From d303b1850dfd142871ee9cb819f0edff33334d6a Mon Sep 17 00:00:00 2001
From: Russel Arbore <rarbore2@illinois.edu>
Date: Mon, 3 Mar 2025 13:35:02 -0600
Subject: [PATCH] fix syncthreads hack

---
 hercules_cg/src/gpu.rs | 11 ++++++-----
 1 file changed, 6 insertions(+), 5 deletions(-)

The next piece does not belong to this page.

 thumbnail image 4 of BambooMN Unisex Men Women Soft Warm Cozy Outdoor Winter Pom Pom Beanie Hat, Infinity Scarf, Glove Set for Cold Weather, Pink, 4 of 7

diff --git a/hercules_cg/src/gpu.rs b/hercules_cg/src/gpu.rs
index 3a00e547..1e6067a3 100644
--- a/hercules_cg/src/gpu.rs
+++ b/hercules_cg/src/gpu.rs
@@ -562,8 +562,9 @@ namespace cg = cooperative_groups;
      * and writes.
      */
     fn codegen_helpers(&self, w: &mut String) -> Result<(), Error> {
+        write!(w, "\t__shared__ cg::experimental::block_tile_memory<1024> block_sync_shared;\n")?;
         write!(w, "\tcg::grid_group grid = cg::this_grid();\n")?;
-        write!(w, "\tcg::thread_block block = cg::this_thread_block();\n")?;
+        write!(w, "\tcg::thread_block block = cg::experimental::this_thread_block(block_sync_shared);\n")?;
         Ok(())
     }
 
@@ -1322,8 +1323,8 @@ namespace cg = cooperative_groups;
                     )?;
                     write!(w, "{}\t*({} + i) = 0;\n", tabs, define_variable)?;
                     write!(w, "{}}}\n", tabs)?;
-                    //write!(w, "{}{}.sync();\n", tabs, cg_tile)?;
-                    write!(w, "__syncthreads\n")?;
+                    write!(w, "{}{}.sync();\n", tabs, cg_tile)?;
+                    //write!(w, "__syncthreads\n")?;
                 }
             }
             // Dynamic constants emitted at top
@@ -1783,8 +1784,8 @@ namespace cg = cooperative_groups;
                     }
                     let fork = self.join_fork_map.get(&id).unwrap();
                     let cg_tile_available = self.get_cg_tile(*fork, CGType::Available);
-                    //write!(w_term, "\t{}.sync();\n", cg_tile_available)?;
-                    write!(w_term, "\t__syncthreads;\n")?;
+                    write!(w_term, "\t{}.sync();\n", cg_tile_available)?;
+                    //write!(w_term, "\t__syncthreads;\n")?;
                 }
                 // If the Fork was parallelized, each thread or UsedPerId tile of
                 // threads only runs one ThreadID, so we can jump straight to the
-- 
GitLab